▸ Records supplied

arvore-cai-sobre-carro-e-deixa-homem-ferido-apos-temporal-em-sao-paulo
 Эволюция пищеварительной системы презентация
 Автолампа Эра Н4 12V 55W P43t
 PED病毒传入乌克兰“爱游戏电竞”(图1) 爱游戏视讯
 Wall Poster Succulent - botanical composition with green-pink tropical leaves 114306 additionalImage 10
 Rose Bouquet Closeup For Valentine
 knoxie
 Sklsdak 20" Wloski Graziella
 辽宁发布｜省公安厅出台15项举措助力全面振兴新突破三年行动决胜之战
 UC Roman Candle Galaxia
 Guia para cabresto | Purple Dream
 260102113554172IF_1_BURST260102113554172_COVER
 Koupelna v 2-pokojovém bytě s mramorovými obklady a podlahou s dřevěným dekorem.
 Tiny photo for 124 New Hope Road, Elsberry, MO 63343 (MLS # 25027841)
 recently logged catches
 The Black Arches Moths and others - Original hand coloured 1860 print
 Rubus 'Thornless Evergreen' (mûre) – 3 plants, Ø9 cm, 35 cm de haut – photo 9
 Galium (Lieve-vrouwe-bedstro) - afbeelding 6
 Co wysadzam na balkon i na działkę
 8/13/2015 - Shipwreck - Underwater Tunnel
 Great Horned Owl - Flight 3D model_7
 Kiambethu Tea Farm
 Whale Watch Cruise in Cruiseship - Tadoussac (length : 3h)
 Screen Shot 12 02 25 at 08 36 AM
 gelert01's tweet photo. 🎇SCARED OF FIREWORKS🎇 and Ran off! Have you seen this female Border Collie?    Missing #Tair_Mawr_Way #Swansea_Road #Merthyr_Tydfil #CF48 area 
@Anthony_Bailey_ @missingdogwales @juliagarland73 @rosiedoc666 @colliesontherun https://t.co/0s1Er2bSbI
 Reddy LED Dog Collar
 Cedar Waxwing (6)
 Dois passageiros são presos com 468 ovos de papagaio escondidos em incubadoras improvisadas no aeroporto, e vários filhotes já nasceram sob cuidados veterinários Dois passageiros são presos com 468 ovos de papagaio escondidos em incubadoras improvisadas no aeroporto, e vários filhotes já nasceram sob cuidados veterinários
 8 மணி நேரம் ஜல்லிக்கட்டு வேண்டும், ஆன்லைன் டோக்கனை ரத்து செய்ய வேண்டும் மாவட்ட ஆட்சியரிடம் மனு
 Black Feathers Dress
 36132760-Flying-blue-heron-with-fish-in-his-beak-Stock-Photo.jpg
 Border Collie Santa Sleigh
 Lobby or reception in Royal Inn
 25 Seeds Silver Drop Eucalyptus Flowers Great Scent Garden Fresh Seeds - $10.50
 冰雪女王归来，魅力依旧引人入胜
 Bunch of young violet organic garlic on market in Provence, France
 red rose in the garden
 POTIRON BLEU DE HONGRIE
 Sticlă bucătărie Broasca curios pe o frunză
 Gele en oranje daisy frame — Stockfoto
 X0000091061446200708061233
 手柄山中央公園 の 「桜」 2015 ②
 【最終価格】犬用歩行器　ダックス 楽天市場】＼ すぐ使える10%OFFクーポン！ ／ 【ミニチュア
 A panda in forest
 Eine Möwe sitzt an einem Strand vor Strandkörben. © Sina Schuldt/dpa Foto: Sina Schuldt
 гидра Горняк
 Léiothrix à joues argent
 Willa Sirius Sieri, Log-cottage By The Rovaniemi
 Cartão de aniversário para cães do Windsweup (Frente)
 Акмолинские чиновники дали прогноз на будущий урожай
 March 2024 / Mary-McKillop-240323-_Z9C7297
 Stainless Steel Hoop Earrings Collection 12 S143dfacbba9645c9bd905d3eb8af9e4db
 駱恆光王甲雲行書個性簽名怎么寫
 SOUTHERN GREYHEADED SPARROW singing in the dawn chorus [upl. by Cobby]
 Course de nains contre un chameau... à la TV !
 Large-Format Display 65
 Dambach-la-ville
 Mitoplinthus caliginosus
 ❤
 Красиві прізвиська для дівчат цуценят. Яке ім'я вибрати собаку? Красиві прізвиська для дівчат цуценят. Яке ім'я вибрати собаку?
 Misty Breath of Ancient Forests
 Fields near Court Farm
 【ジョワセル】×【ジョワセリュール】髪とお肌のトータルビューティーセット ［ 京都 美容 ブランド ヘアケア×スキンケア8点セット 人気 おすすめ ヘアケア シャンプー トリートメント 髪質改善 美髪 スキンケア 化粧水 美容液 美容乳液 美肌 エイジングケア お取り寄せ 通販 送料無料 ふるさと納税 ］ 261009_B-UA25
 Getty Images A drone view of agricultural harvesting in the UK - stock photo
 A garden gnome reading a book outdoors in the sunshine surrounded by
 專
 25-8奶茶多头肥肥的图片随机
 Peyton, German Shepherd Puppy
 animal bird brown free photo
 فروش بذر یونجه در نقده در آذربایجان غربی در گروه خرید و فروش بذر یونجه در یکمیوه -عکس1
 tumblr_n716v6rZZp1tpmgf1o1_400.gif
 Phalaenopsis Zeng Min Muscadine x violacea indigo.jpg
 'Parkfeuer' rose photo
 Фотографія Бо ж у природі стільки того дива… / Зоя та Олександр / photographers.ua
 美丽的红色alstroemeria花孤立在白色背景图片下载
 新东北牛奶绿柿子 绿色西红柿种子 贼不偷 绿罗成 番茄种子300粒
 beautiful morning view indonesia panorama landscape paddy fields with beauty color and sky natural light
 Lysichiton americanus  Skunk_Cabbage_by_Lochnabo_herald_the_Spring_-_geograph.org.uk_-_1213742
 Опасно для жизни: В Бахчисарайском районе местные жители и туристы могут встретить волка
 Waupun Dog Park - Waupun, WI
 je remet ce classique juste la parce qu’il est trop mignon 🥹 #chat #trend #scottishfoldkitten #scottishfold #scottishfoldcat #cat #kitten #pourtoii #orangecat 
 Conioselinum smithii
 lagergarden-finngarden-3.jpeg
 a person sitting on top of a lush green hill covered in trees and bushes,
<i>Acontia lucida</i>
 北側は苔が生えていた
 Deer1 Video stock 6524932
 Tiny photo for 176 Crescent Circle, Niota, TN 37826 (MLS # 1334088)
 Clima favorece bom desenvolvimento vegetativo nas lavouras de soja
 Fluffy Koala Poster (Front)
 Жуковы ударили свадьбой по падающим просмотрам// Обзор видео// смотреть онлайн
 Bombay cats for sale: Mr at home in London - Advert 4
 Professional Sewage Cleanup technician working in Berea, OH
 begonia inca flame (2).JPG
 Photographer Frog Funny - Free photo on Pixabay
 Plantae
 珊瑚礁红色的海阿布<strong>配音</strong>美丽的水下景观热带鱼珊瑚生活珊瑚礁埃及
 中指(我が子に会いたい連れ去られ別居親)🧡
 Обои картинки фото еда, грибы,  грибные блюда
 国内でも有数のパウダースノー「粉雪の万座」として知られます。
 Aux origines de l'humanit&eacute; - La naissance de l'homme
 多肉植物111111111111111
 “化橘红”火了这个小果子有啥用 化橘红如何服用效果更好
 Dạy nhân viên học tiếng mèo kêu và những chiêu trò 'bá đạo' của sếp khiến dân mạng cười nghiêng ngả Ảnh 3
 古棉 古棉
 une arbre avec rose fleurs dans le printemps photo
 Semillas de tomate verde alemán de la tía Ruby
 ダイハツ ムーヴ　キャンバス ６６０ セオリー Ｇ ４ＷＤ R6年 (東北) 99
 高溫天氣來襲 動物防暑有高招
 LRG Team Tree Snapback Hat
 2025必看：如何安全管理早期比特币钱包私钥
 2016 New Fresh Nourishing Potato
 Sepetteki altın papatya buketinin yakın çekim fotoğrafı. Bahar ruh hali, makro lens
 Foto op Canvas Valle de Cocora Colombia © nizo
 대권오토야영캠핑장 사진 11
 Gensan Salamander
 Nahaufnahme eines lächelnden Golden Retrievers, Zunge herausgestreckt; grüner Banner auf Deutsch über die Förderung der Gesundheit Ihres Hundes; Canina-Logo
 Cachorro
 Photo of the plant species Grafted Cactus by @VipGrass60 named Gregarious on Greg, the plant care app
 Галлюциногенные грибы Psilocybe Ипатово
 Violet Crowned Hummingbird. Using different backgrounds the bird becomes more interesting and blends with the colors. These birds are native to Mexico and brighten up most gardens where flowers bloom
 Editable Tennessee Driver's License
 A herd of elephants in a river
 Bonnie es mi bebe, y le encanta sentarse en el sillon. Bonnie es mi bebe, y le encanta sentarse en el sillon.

▸ Description of the task
Give the number of lines in the data that contain the string "грибы" and nothing more.

▸ Task solution
2